ASSIGNMENT:
Your answer must be the lines from the top of the listing below through the line that holds "Amerikaanse Line Dancing", retyped exactly, with no pictures.

SUPPLIED DATA:
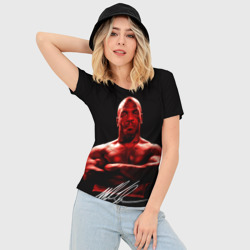 Женская футболка 3D Slim Майк Тайсон боксёр профессионал - фото 2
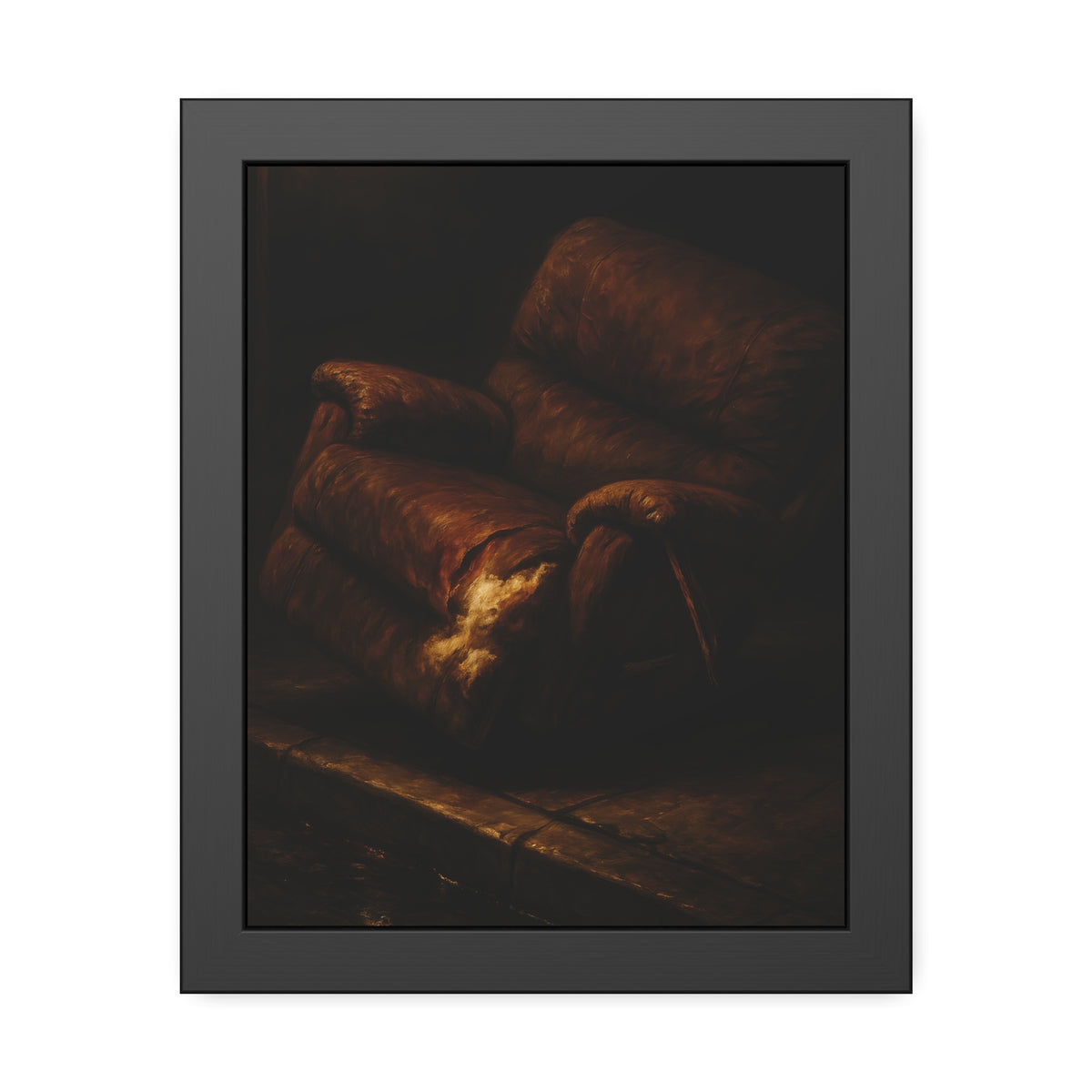 A torn brown recliner tipped on a curb in dim warm light. The Deposition of the Broken Recliner by Garabaggio, framed fine art print, 11″ x 14″.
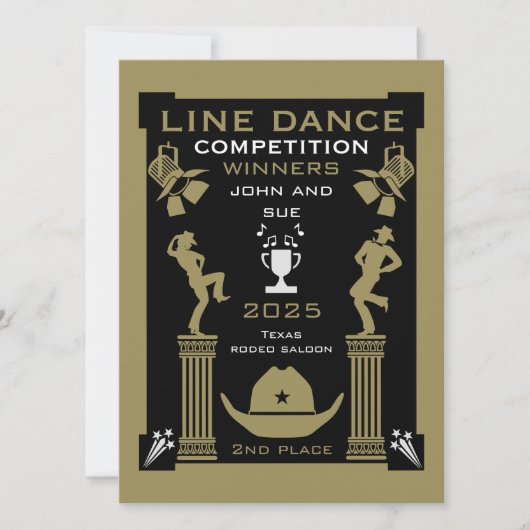 Amerikaanse Line Dancing Competitie Kaart (Voorkant)
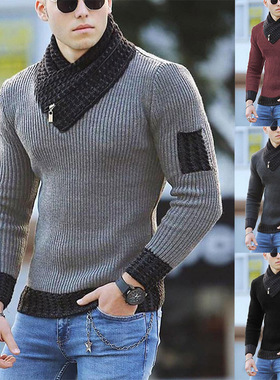 2025秋冬季英伦风大码毛衣潮牌长袖围巾高领男针织衫Men Knitwear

REPLY TO THE EXERCISE:
 Женская футболка 3D Slim Майк Тайсон боксёр профессионал - фото 2
 A torn brown recliner tipped on a curb in dim warm light. The Deposition of the Broken Recliner by Garabaggio, framed fine art print, 11″ x 14″.
 Amerikaanse Line Dancing Competitie Kaart (Voorkant)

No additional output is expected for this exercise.